None of the women interviewed said they thought abortion should be illegal. But many expressed ambivalence about their decision to have one. An unmistakable sense of sadness hovered around our conversations. Ultimately, these women made the decision to have an abortion for the same reasons women always have: Their recognition that they could not adequately care for a child at this moment in their lives. This seemed especially true for the more than half of our interviewees who already have children. This would seem to be a wonderful opportunity to make common cause with the thousands of pregnancy resource centers throughout the country that give free material aid to pregnant women, or with groups like the Sisters of Life, Good Counsel Homes, and Expectant Mother Care that provide a full range of social services — including, if necessary, a safe place to life. No such network exists among pro-choicers to make life a more attractive choice to women in need. A donation to Planned Parenthood does not buy baby clothes, let alone shelter. A donation to NARAL does not pay for a crib.
Instead of calling upon readers to dig into their own pockets like activist pro-lifers do, or pull together to form pro-choice pregnancy centers for women who do not wish to abort their children, Joffe and Cosby call only for solutions requiring more taxes and more regulations. "Affordable housing, living wages, better child care, intimate partner violence programs and universal health care are things the movement must fight for in order to give these women and their children a shot at a decent life," they write.
In other words, give us universal health care or the kid gets it.

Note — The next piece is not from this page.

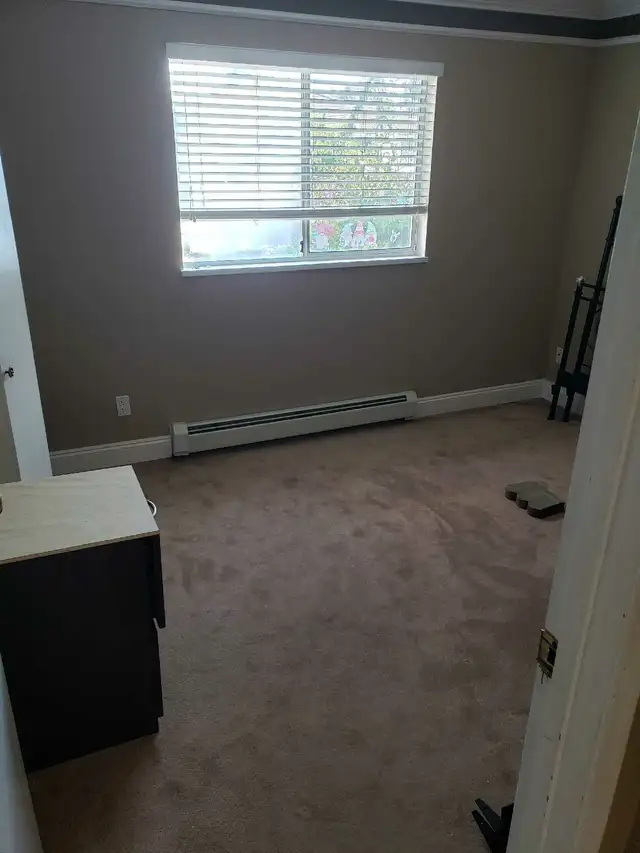 2 Bedroom basement suite for Rent - Photo 5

Kind of like the infamous National Lampoon cover: "If You Don't Buy this Magazine, We'll Kill This Dog."
But even universal health care won't call off these pro-choice dogs. The only real answer, they conclude, is an end to guilt: "And if that weren't enough," they write of their movement goals, "a challenge of a different nature is to make the lonely women in the waiting rooms feel part of that struggle."
In other words, you may be poor, you may be abused, you may have been dumped by the father of your child, say these pro-choicers. We cannot help you. Society is to blame. But we can make you feel that your abortion is part of the reproductive-rights struggle.
Well, it wouldn't be the first time that a preborn child was a martyr. And it wouldn't be the first time that left-wingers told a woman that her position in "the movement" was horizontal.